I don’t want to generalise, but unless you were taken to shul as a kid, the odds are you will never set foot in one at all. Consider David Beckham, a retired footballer of East End origins. In what appears to be his only interview on the half of his heredity that is identifiably Jewish, Beckham told a JW3 audience: “I was never brought up Jewish, but like I said, my grandfather was, and every time we went to synagogue I was part of that.” Mark those words: “part of that”. Going to shul is the one bit of Jewishness that remains meaningful to this sporting icon, the lone connection to his inner Jew and chief impetus for him to attend our fundraising dinners.
A deeply observant friend made a remarkably similar observation: “My father,” he said, “was never much of a shulgoer, but I loved sitting there beside my granddad. If I go today, it’s because of him.” Can you see the danger? If we let Covid exclude the oldies and the infants from shul, we will kill both past and future.

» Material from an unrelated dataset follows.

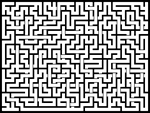 2023728յԹϷ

Vast improvements have been made in childrens’ services, with ice-cream kiddushim and other diversions in forward-looking communities. But shul is not about distracting kids and giving mums a chatter room. The most important part for children is the act of going to shul, the family bonding and making memories. My father, a taciturn man beset by tragic losses, did not find it easy to connect to me as a child. My strongest image of him is walking to shul, his hand in mine, marching wordless towards a common goal. The seats we had in a shul long-since demolished are the only patch of turf I regard as ancestrally mine.
My nine year-old complainant is right. Children must be allowed to feel a sense of ownership about shul, the same rite of possession that bonds me to Beckham (who is now acquiring Jewish in-laws). They must feel not just welcomed in shul but entitled and if that means reconfiguring the service from Anim Zemirot up, so be it. Once upon a time people went to shul for (in Yiddish) a shtik Covid. We cannot allow this other, evil Covid to destroy us by locking out our people, young and old.